Rankin, the PNC economist, thinks the area job market will improve “somewhat” this year but St. Louis will still lag the nation. “Unfortunately, this will remain the case in the coming year,” he wrote.
Meanwhile, there’s no easy way to rev up the local jobs machine. Things government can do — such as improve education, roads and public safety — cost money and take years to show results.
Coleman’s group and the World Trade Center launched the Mosaic Project to lure more immigrants to St. Louis.
Direct government incentives — such as the $229 million the state dangled in front of Boeing in hopes of landing thousands of aircraft jobs — spark endless debate over whether the region gains value for the money.
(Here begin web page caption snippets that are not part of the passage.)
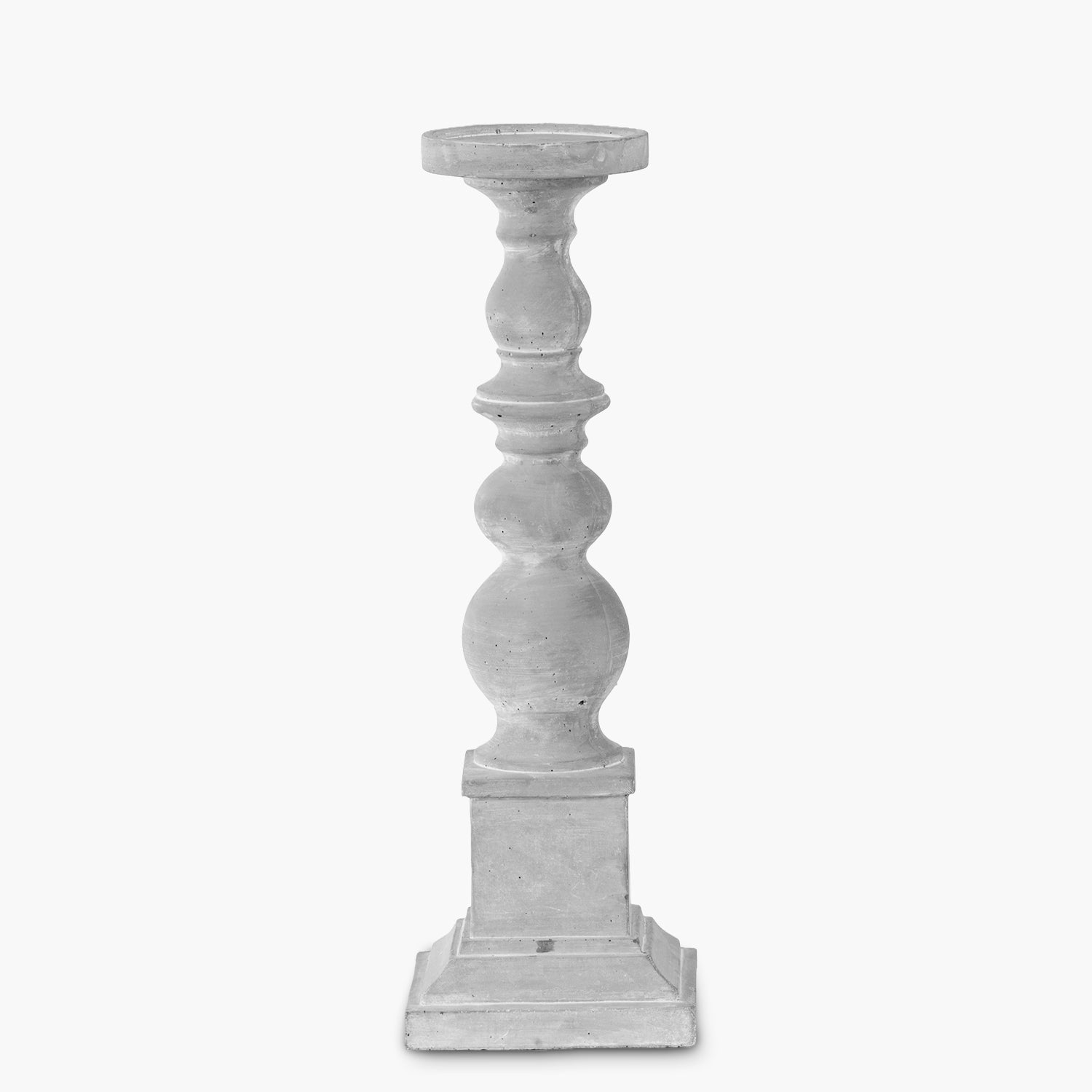 Candelabro Zelai L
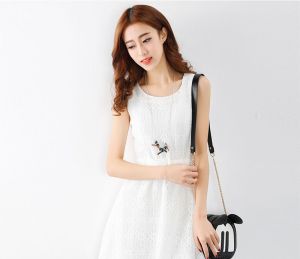 服裝搭配培訓 服裝搭配培訓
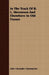 In The Track Of R. L. Stevenson And Elsewhere In Old France by John Alexander Hammerton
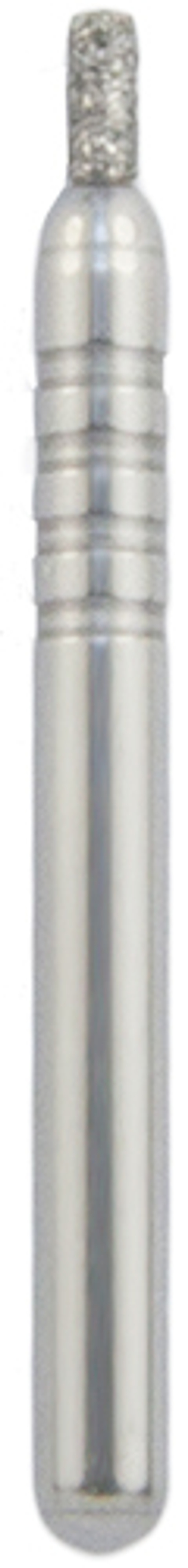 Бор алмазный, тип FG, гр.8 MADC20-009M-FG, NTI, Германия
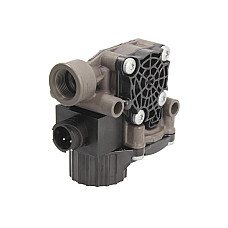 Modulator ax Modulator de presiune ABS VOLVO FH D13A460 09.05- KNORR K 038438N50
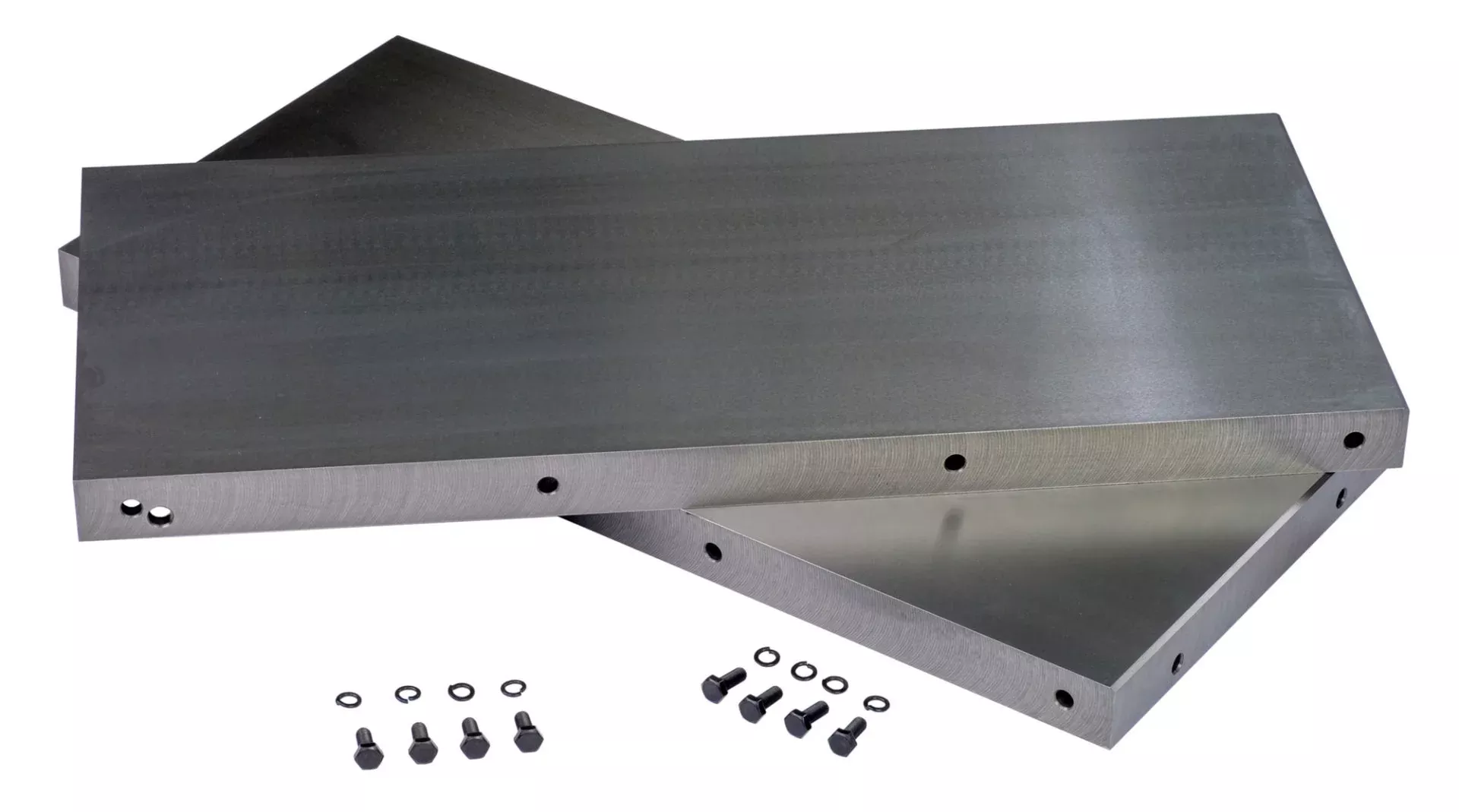 SawStop Contractor Saw Two Cast Iron Wings CNS-CIWA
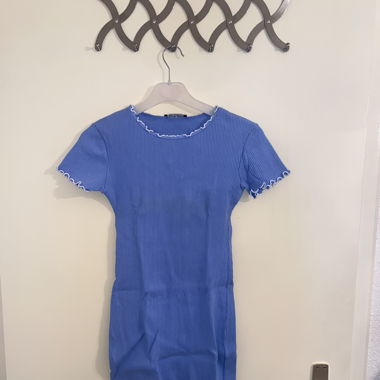 Kleid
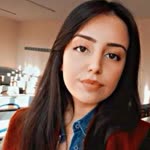 İrem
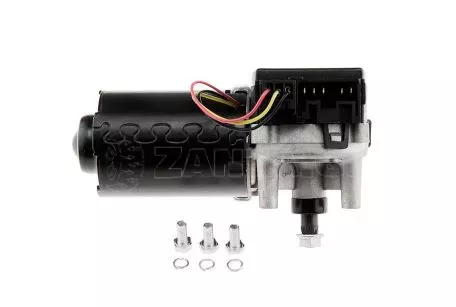 NTY ΜΟΤΕΡ ΥΑΛΟΚΑΘΑΡΙΣΤΗΡΩΝ ΓΙΑ FIAT DUCATO 2002+ / CITROEN JUMPER 2002+ / PEUGEOT BOXER 2002+ ΕΜΠΡΟΣ orig.9949394 ΝΤΥ - 1 ΤΕΜ. ESW-FT-011/AJ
Hope may lie in a growing entrepreneurial sector here, said Kliesen, the Fed economist. Google and Microsoft started as small companies, then grew into behemoths. The more startups start up in St. Louis, the better chance the region has of growing its own big employers.
That makes the region’s universities important as discovery generators, as are business-nurturing projects such as Cortex and T-Rex. “It’s getting some traction here, and that’s good,” said Kliesen.
That, too, will take time. “I don’t see anything in the near future that would cause St. Louis to really take off,” said Rogers.